Instructions to follow: Repeat the entries without change, omitting the pictures.

** Source material follows **

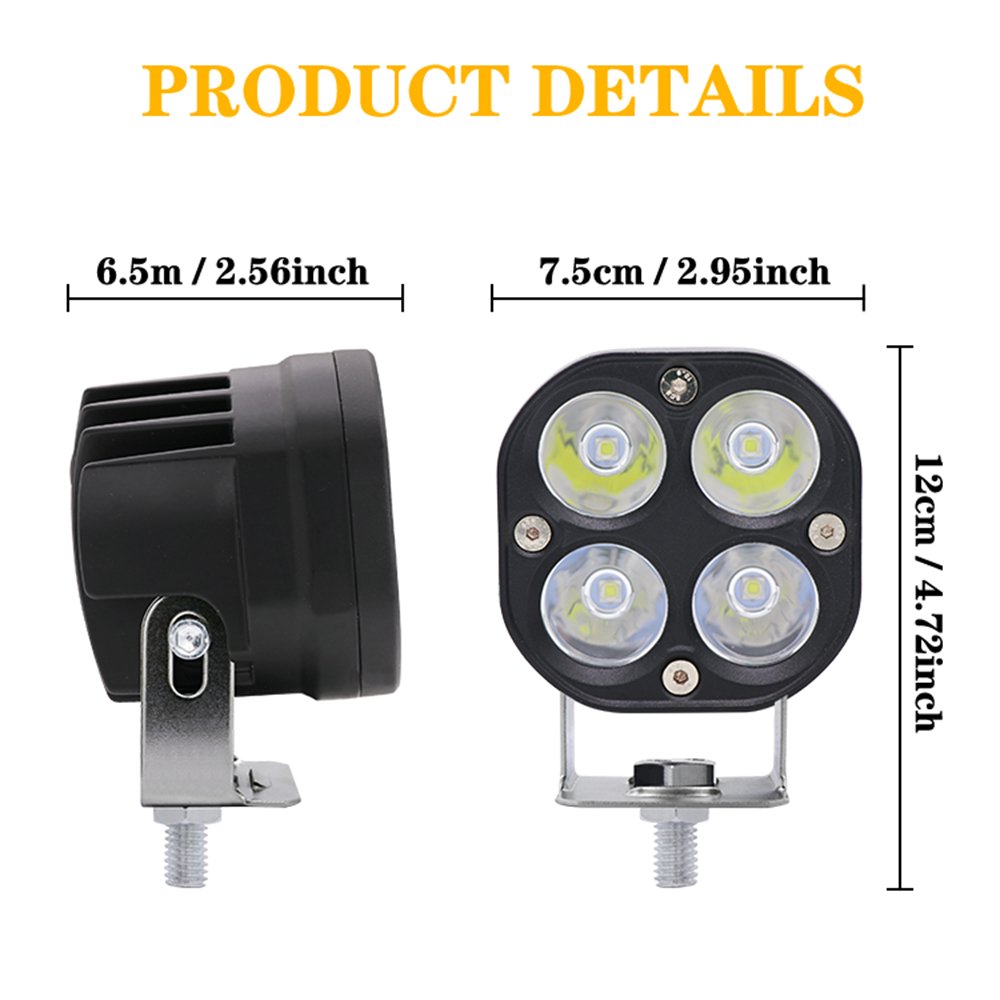 Super Bright 3 Inch 2 In 1 White Amber Wide View LED Work Fog Projector Light For Car SUV Bus Truck Offroad Motorcycle 12V24V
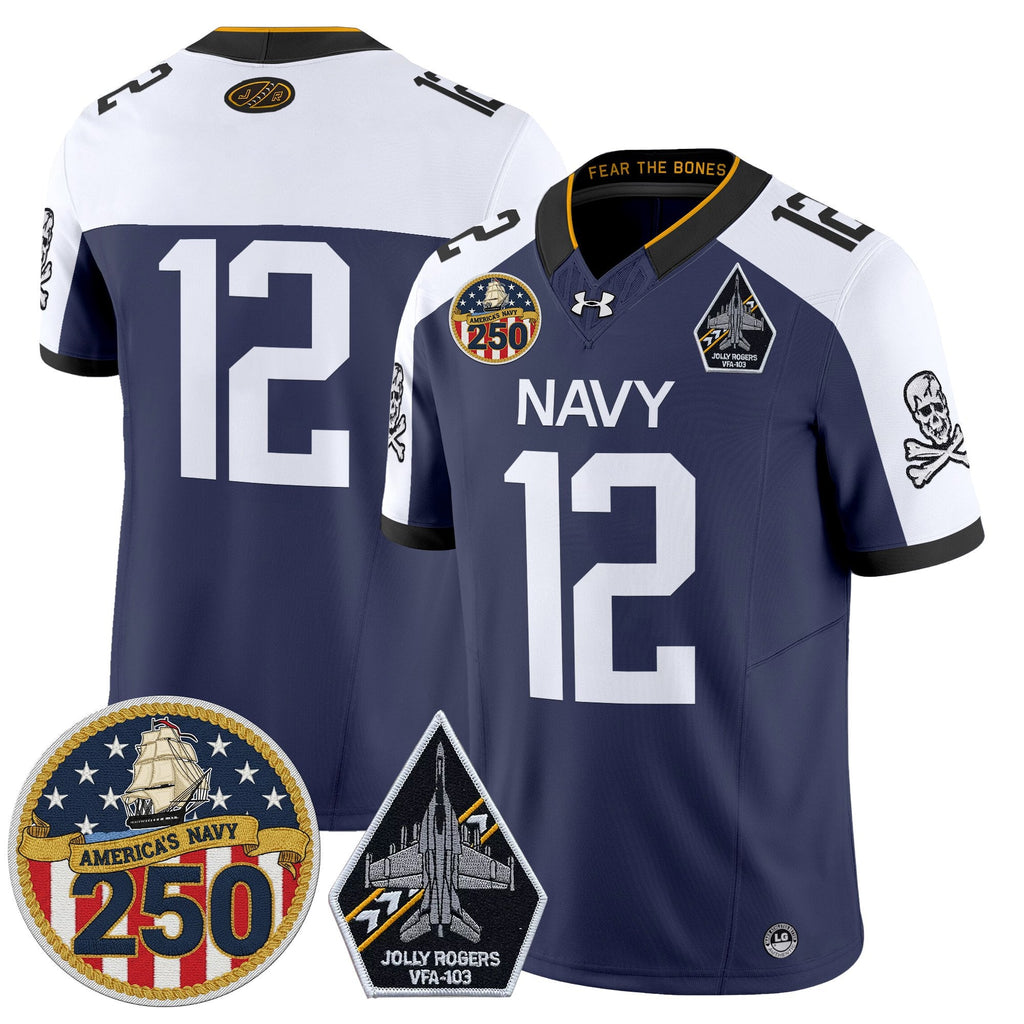 Navy Midshipmen 'Jolly Rogers Edition' Vapor Limited Jersey - 250th Anniversary Patch - Stitched
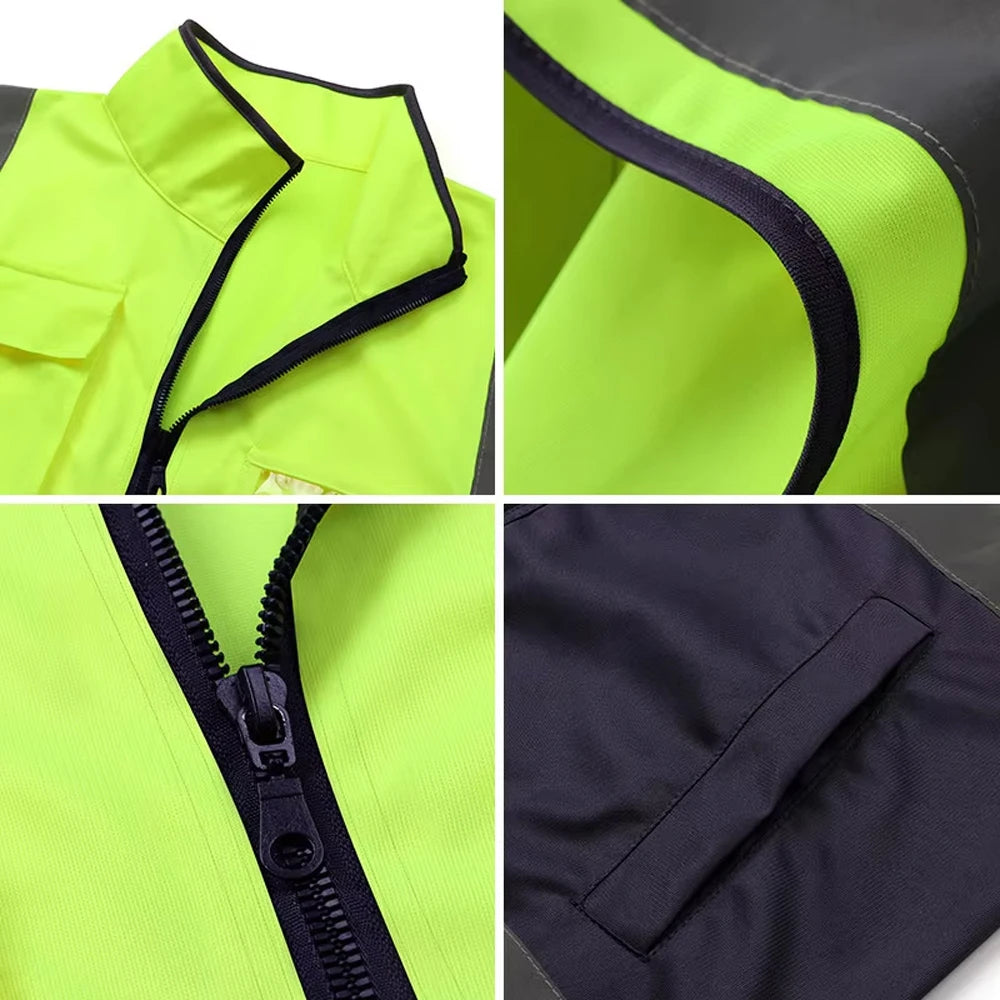 Work Vest with Multi Pockets Front Zipper Hi Vis Workwear Two Tone Construction Working Safety Vest Uniform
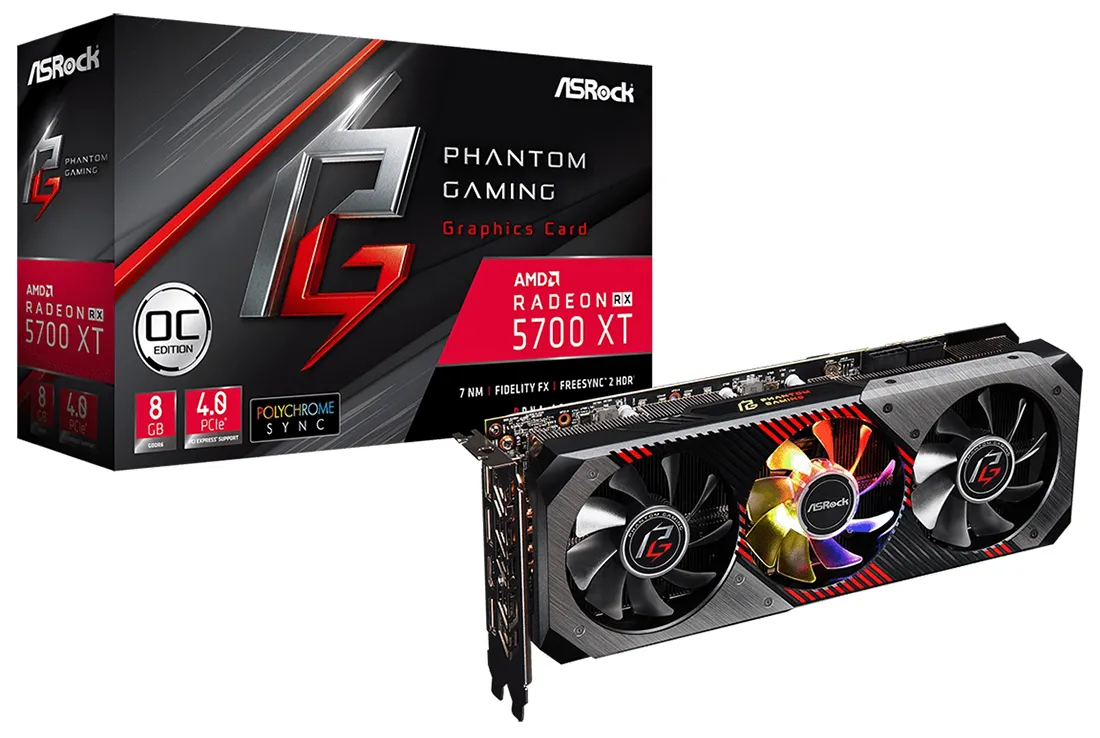 Видеокарта ASRock Radeon RX 5700 XT Phantom Gaming D 8G OC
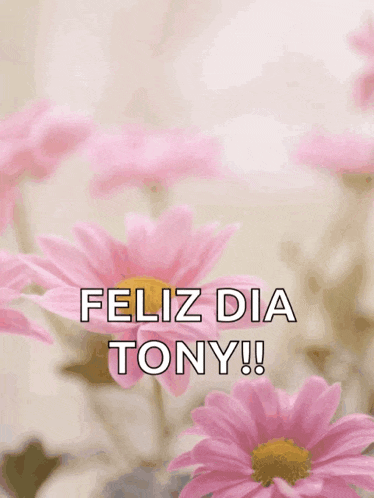 a mother 's day card with pink flowers and the words happy mother 's day feliz dia tony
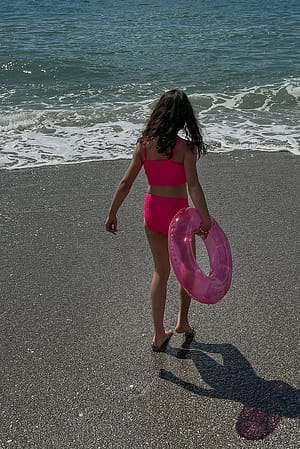 Hot Pink Gesmockt bikinibroekje
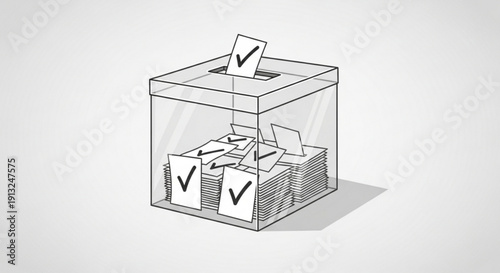 Transparent ballot box with checkmarked papers being inserted into slot on top with papers and boxes inside symbolizing secure voting process and democratic elections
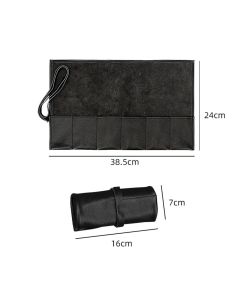 Leather Travel Watch Roll-Watch Case Display Organizer and Storage for 6 watches, Gift Accessory for watch lovers (Black,Excluding watches)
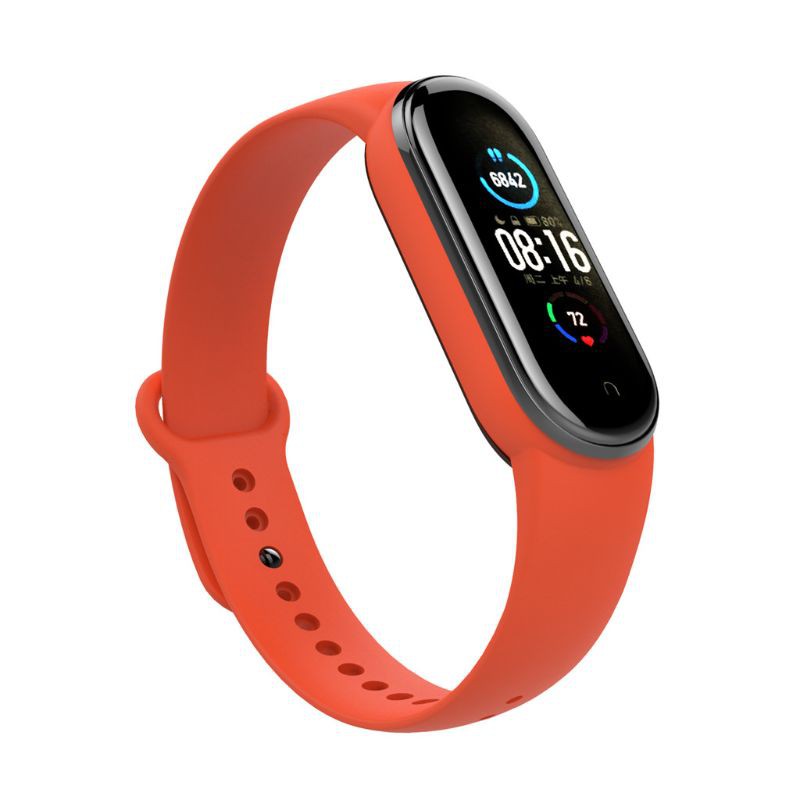 Dây Đeo Thay Thế Chất Liệu Silicon Màu Trơn Cho Xiaomi Mi Band 5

** End of Source material **

Reply:
 Super Bright 3 Inch 2 In 1 White Amber Wide View LED Work Fog Projector Light For Car SUV Bus Truck Offroad Motorcycle 12V24V
 Navy Midshipmen 'Jolly Rogers Edition' Vapor Limited Jersey - 250th Anniversary Patch - Stitched
 Work Vest with Multi Pockets Front Zipper Hi Vis Workwear Two Tone Construction Working Safety Vest Uniform
 Видеокарта ASRock Radeon RX 5700 XT Phantom Gaming D 8G OC
 a mother 's day card with pink flowers and the words happy mother 's day feliz dia tony
 Hot Pink Gesmockt bikinibroekje
 Transparent ballot box with checkmarked papers being inserted into slot on top with papers and boxes inside symbolizing secure voting process and democratic elections
 Leather Travel Watch Roll-Watch Case Display Organizer and Storage for 6 watches, Gift Accessory for watch lovers (Black,Excluding watches)
 Dây Đeo Thay Thế Chất Liệu Silicon Màu Trơn Cho Xiaomi Mi Band 5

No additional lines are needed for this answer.